### Assigned task
Using the records below, give again exactly the lines from the line that contains "Foto 2 de la" through the line that contains "NEW Pier 1 Grape", both ends included, and only those.

### Excerpted records
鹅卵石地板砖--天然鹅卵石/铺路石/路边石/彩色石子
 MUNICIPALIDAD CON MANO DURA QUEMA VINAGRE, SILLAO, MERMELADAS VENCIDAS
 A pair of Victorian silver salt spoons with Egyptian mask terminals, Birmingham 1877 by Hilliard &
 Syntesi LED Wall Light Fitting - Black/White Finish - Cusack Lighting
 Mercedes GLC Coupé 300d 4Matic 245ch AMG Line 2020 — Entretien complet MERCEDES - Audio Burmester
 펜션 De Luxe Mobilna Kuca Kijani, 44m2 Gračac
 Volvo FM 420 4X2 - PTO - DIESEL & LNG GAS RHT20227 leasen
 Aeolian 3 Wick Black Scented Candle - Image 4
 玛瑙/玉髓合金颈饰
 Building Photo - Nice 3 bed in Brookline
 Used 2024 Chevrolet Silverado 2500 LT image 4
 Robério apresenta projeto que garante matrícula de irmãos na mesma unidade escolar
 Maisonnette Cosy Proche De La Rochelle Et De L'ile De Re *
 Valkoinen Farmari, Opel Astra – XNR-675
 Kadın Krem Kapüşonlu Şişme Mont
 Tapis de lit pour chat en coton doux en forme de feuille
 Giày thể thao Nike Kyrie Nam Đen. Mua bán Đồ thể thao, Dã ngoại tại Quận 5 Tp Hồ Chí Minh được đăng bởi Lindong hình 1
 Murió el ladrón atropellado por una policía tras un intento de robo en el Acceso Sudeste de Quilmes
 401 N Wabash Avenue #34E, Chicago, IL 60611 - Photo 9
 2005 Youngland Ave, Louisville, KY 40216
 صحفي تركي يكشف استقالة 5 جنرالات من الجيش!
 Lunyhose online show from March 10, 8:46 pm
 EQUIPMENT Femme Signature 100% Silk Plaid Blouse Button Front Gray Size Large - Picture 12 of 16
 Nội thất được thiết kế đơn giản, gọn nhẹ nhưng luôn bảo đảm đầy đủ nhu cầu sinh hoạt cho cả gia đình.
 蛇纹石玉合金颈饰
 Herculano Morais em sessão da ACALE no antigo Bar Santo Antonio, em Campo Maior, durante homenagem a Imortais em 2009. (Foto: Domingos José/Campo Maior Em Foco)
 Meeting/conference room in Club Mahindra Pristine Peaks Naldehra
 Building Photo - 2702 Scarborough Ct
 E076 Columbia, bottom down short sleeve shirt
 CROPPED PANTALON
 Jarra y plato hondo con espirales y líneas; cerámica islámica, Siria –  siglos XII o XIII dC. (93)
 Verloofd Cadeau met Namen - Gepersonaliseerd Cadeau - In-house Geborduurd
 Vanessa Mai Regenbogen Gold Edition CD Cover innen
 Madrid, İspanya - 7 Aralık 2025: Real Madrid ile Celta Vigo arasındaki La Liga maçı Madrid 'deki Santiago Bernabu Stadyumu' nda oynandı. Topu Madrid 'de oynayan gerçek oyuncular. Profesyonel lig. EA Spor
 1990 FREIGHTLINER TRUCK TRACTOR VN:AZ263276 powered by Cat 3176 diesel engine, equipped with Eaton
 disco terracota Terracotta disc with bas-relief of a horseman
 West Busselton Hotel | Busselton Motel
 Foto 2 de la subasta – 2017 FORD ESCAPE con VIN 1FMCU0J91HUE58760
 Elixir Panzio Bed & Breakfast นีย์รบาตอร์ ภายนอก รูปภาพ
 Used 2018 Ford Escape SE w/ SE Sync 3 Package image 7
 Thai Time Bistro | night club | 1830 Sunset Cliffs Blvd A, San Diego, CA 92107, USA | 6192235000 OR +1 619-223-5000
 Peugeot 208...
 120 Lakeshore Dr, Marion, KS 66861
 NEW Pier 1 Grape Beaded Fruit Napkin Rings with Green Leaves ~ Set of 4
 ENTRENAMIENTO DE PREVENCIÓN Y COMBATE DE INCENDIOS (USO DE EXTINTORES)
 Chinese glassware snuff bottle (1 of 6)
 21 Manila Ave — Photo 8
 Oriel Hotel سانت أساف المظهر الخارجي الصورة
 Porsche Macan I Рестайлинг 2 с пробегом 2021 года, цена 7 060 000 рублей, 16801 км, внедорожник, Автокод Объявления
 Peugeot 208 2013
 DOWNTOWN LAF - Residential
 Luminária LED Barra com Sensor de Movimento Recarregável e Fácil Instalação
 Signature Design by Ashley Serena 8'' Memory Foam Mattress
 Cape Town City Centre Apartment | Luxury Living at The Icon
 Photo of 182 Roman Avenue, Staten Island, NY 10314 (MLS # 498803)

### Exercise output
 Foto 2 de la subasta – 2017 FORD ESCAPE con VIN 1FMCU0J91HUE58760
 Elixir Panzio Bed & Breakfast นีย์รบาตอร์ ภายนอก รูปภาพ
 Used 2018 Ford Escape SE w/ SE Sync 3 Package image 7
 Thai Time Bistro | night club | 1830 Sunset Cliffs Blvd A, San Diego, CA 92107, USA | 6192235000 OR +1 619-223-5000
 Peugeot 208...
 120 Lakeshore Dr, Marion, KS 66861
 NEW Pier 1 Grape Beaded Fruit Napkin Rings with Green Leaves ~ Set of 4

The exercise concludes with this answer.